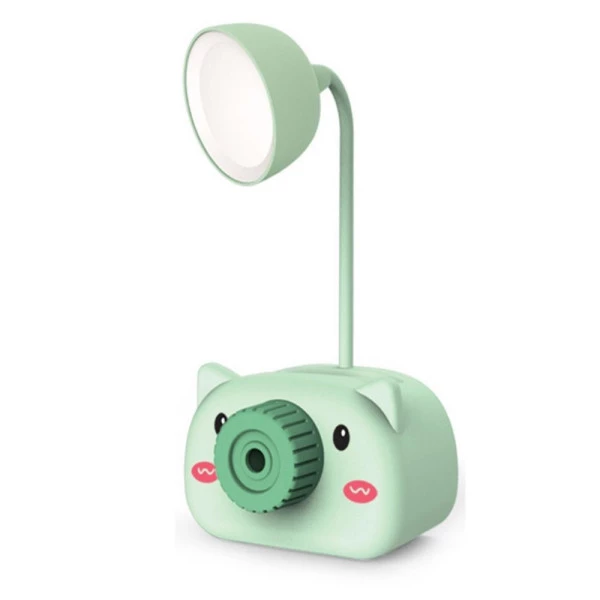 Luminária de Mesa Led Apontador Porquinho Verde
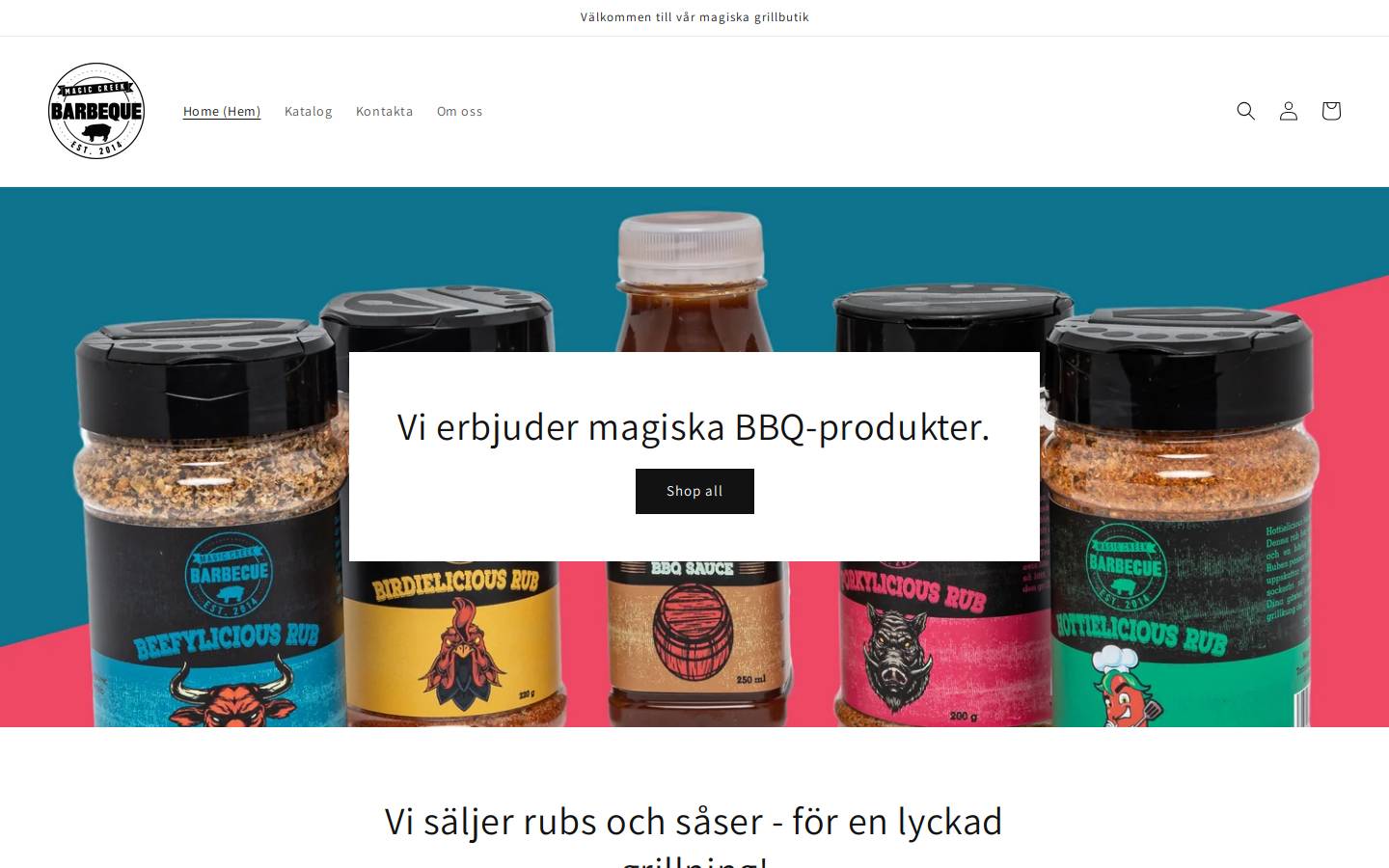 magiccreekbbq.com homepage screenshot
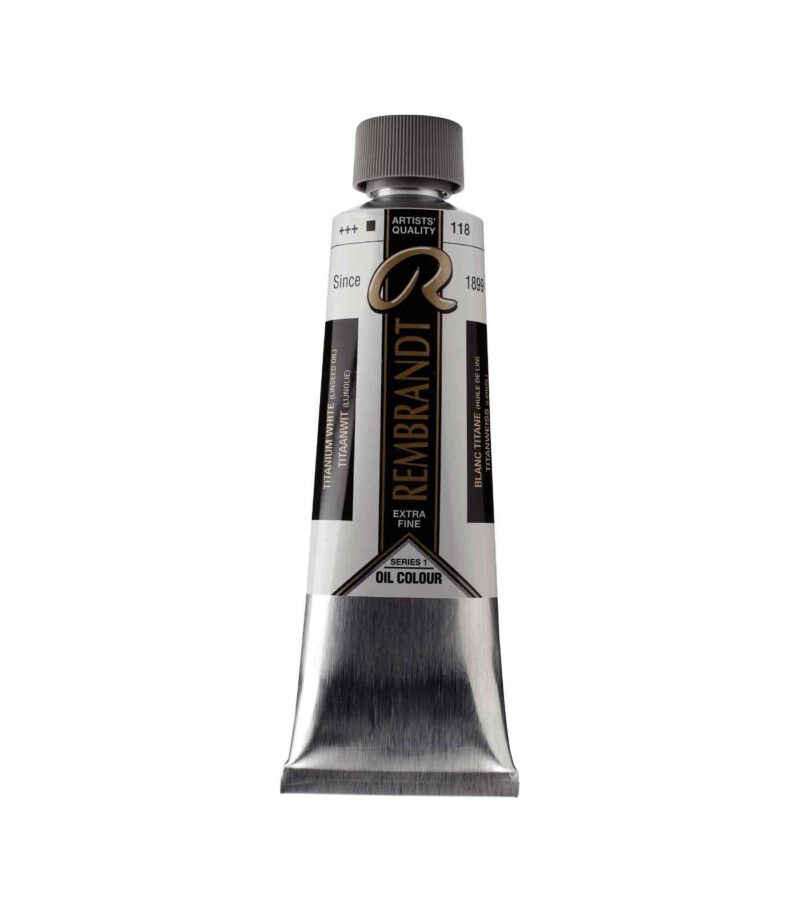 118-Titanium White (Linseed Oil)-Rembrandt-Royal Talens-Art&Colour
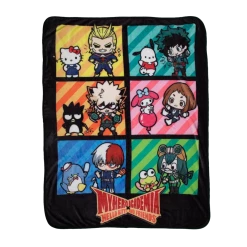 (ONLINE) DRAGON IMPORTS & COLLECTIBLES LLC Sanrio X My Hero Academia Fleece Throw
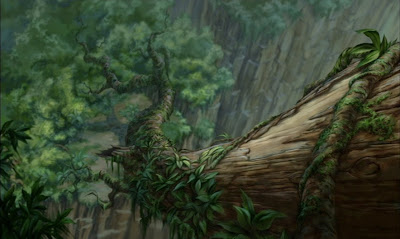 Animation Backgrounds: TARZAN (Disney, 1999)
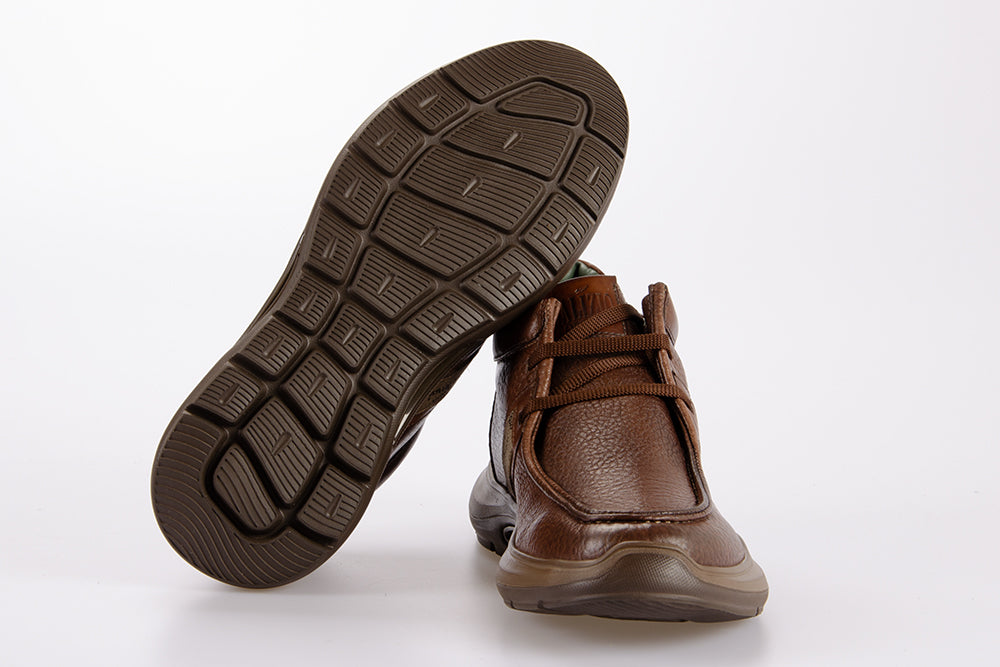 GALIZIO TORRESI Uomo Sneaker alta 325868 DAINO MARRONE
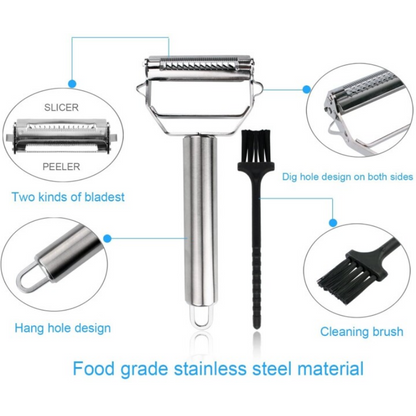Rayvia Ultra-Sharp Stainless Steel Multifunction Vegetable Peeler
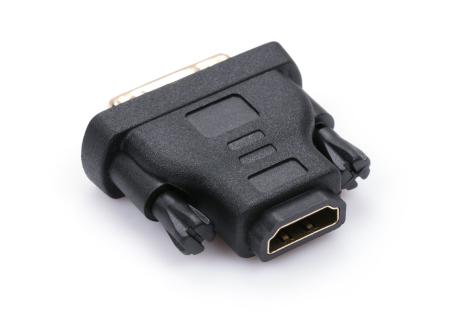 Перехідник HDMI AF to DVI 24+1M Vinga (HDMIDVI02)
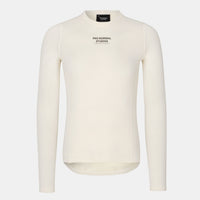 Pas Normal Studios Thermal langærmet baselayer til mænd - Off White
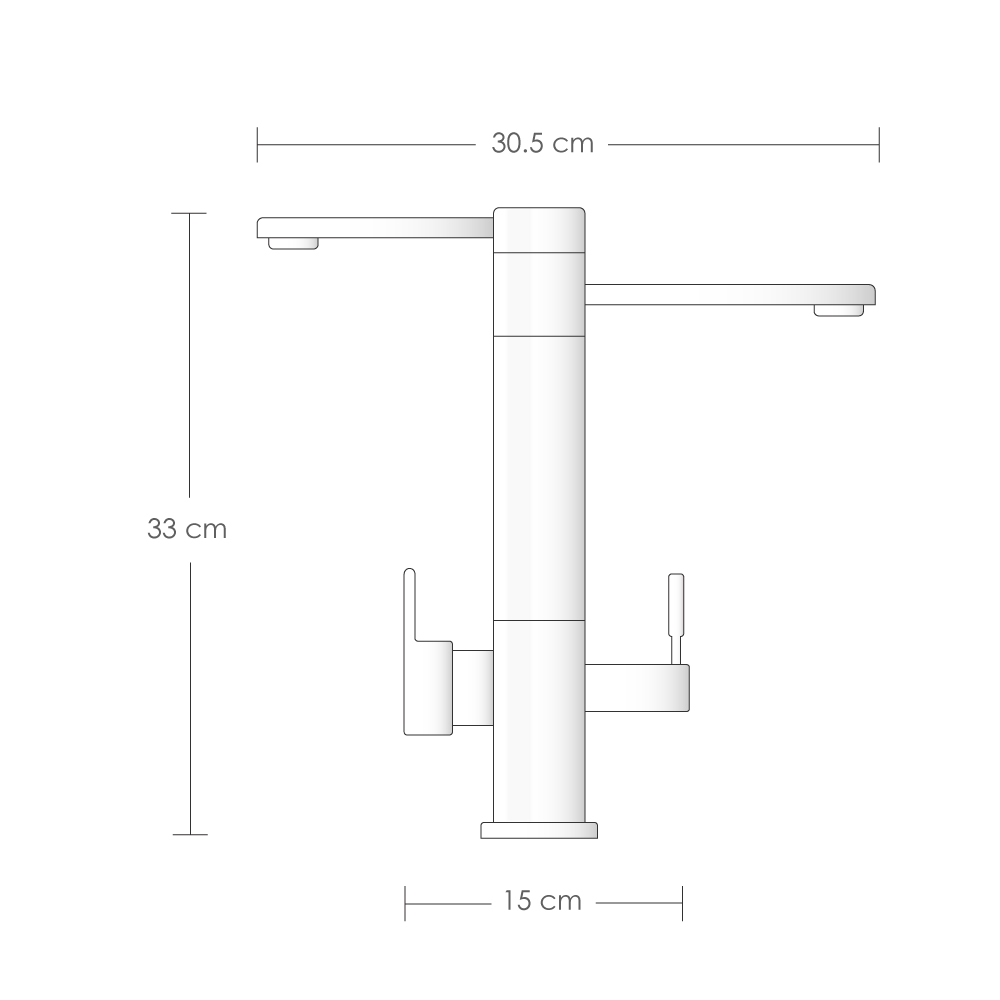 Foto 3 pulgar | Grifo Mezclador Ilios Innova para Cocina y Purificador de Agua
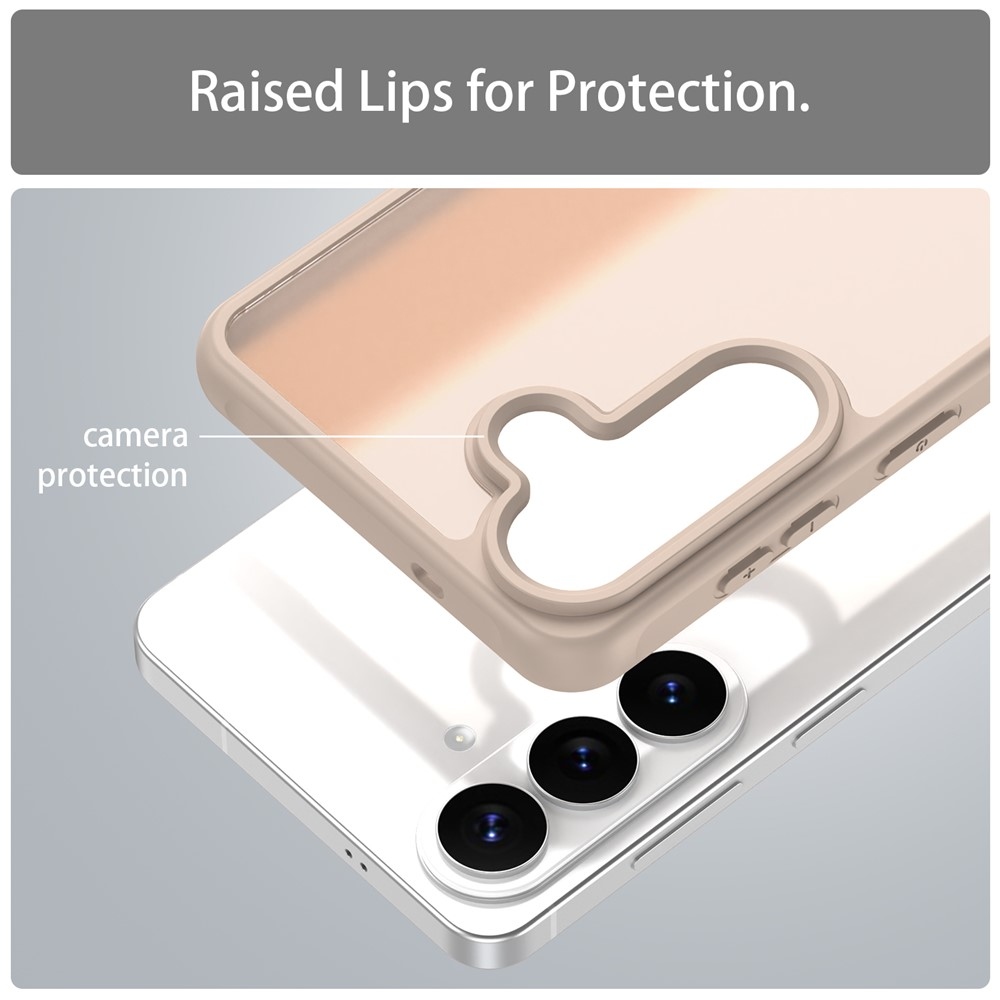 Gél tok kemény hátlappal Samsung Galaxy S26 készülékhez - narancssárga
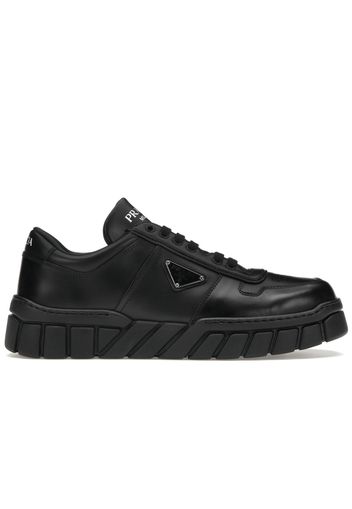 Prada Voluminous Sneakers Leather Black Black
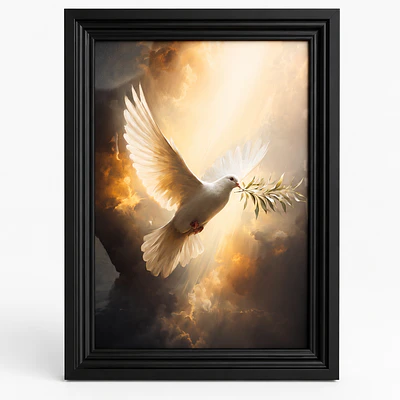 Cuadro Decorativo A4 - "Paloma del Espíritu Santo"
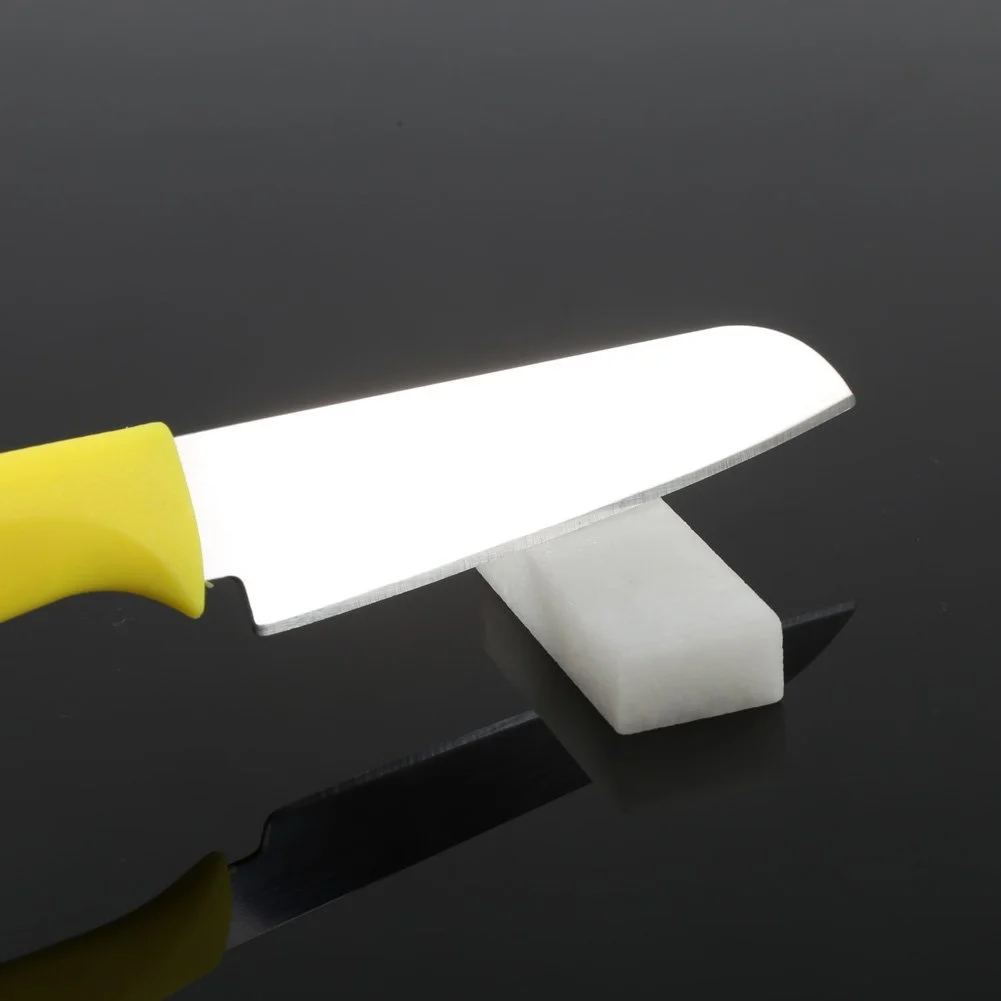 Точильний камінь водний двосторонній 10000 Grit для кухонних ножів та ножиць, фото №7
━━━━
Give an exact copy of the line containing "118-Titanium White (Linseed" and every line after it through the end of the entries. Pictures are to be dropped.

• _ANSWER TO THIS TASK_:
 118-Titanium White (Linseed Oil)-Rembrandt-Royal Talens-Art&Colour
 (ONLINE) DRAGON IMPORTS & COLLECTIBLES LLC Sanrio X My Hero Academia Fleece Throw
 Animation Backgrounds: TARZAN (Disney, 1999)
 GALIZIO TORRESI Uomo Sneaker alta 325868 DAINO MARRONE
Rayvia Ultra-Sharp Stainless Steel Multifunction Vegetable Peeler
 Перехідник HDMI AF to DVI 24+1M Vinga (HDMIDVI02)
 Pas Normal Studios Thermal langærmet baselayer til mænd - Off White
 Foto 3 pulgar | Grifo Mezclador Ilios Innova para Cocina y Purificador de Agua
 Gél tok kemény hátlappal Samsung Galaxy S26 készülékhez - narancssárga
 Prada Voluminous Sneakers Leather Black Black
 Cuadro Decorativo A4 - "Paloma del Espíritu Santo"
 Точильний камінь водний двосторонній 10000 Grit для кухонних ножів та ножиць, фото №7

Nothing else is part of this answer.